Care homes: no recovery from ‘Do Not Recover’ orders?

MPs are calling for a review of ‘Do Not Attempt Resuscitation’ orders for care home residents, ‘as fears grow that blanket decisions are still being taken’; during the first wave of the Covid pandemic, it emerged that some homes had placed such orders ‘on every single resident’, and the Care Quality Commission was tasked with looking into the situation, but MPs fear that such ‘“blanket orders” imposed months ago could send thousands to their deaths in coming months.’ In a letter, 16 MPs, ‘including the chairmen of the all-party parliamentary groups on coronavirus, on ageing and older people, and on rural health and social care’, have called on the Health Secretary to order ‘an urgent review of every DNAR placed on file’, saying ‘they were “incredibly disturbed” by reports of “clearly unlawful and unethical policies’; although the CQC review ‘was welcome’, its findings ‘may come too late’, since ‘“[a]n unknown number of DNARs remain in care home residents’ files. Many of those people could get ill over the winter – they cannot wait for the outcomes of the CQC review and neither should they need to”’.


Amnesty International has backed their calls, with its UK director, Kate Allen, saying that ‘the unlawful use of the orders for care home residents was a “clear violation of human rights”.’ A Department of Health and Social Care spokesman responded that the blanket use of such instructions ‘“has never been policy and we have taken action to prevent this”’, saying that it was ‘“completely unacceptable” for “DNAR policies to be applied in a blanket fashion to any group of people”’ (‘Care homes still making “no recovery” orders, MPs fear’, Telegraph, November 23, 2020).
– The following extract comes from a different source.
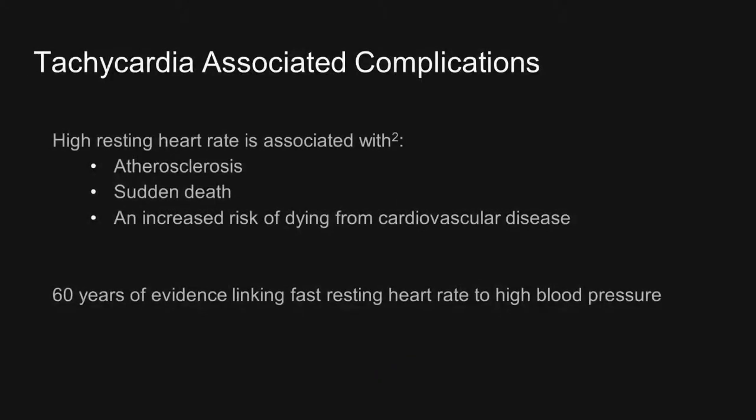Some complications associated with tachycardia, or heart rates greater than 100 bpm, are atherosclerosis, sudden death, or increased risk of dying from cardiovascular disease. Additionally, there has been evidence linking fast resting heart rates with the development of high blood pressure for the past 60 years.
It is good to know that it is not Government policy to decide in advance that large numbers of vulnerable old people are not worth saving; however, it is Government policy to exempt from Covid restrictions those individuals going to Switzerland to end their lives. As with individuals who complete DNARs, they would no doubt see this as a matter of individual choice; however, if the alternative is lack of support in the one case, and Covid isolation in the other, ‘choice’ becomes a meaningless concept.
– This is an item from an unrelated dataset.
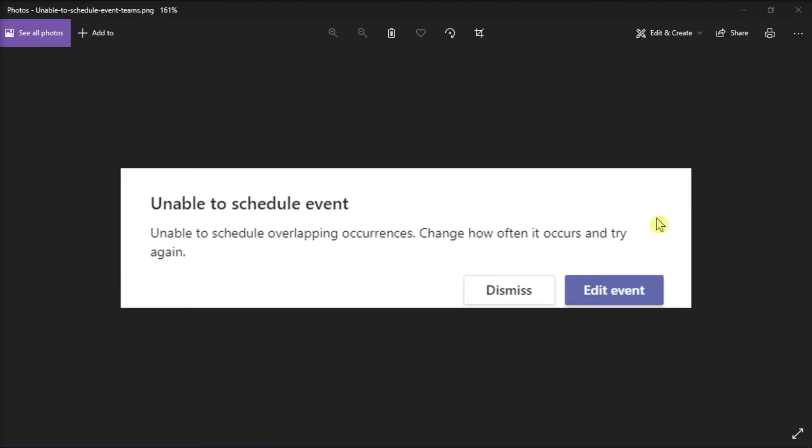Creating a meeting in Microsoft Teams is very easy, but apparently some users have reported that they encountered this error when they tried to schedule recurring appointments in Microsoft Teams. But luckily, we have the solution for your problem in this video.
Giving vulnerable people the ‘choice’ to end their lives is simply saying ‘we don’t care if you die, as long as it’s your (nominal) choice’. But whether it is accomplished by not treating/caring for the person, or by lethal injection/deadly cocktail, to not care if a person dies is to not care about that person.


‘Do Not Resuscitate’ orders may seem a sensible approach, but it simply means asking people to decide that they do not want to be treated in future circumstances that cannot be known without the help of a crystal ball; the case of the elderly Dutch lady with dementia who, when in good health had signed a form saying she would want euthanasia if she lost her faculties, and was forcibly euthanized by a doctor despite striving to avoid the lethal injection, demonstrates the dangers of signing your own death warrant in advance.


It would be far better and more ethical to leave decisions about resuscitation to the clinical judgement of medical professionals, but if that judgement has been undermined and possibly corrupted by the elevation of ‘choice’ above ethics, who will trust the word of the doctor?


Choosing to do a wrong thing does not make it right simply because we choose to do it; and at the root of the ‘right to die’ approach is the subjective view - either of other people or of the future self we fear becoming - that we would hate to ‘live like that’ - that death would be preferable; hence, whoever is ‘living like that’ must want to be dead.  Making an idol of faux choice has led to the mania for blanket DNARs; sadly, it appears that many care homes have not recovered from their earlier bout of Covid ‘Do Not Recover’ orders.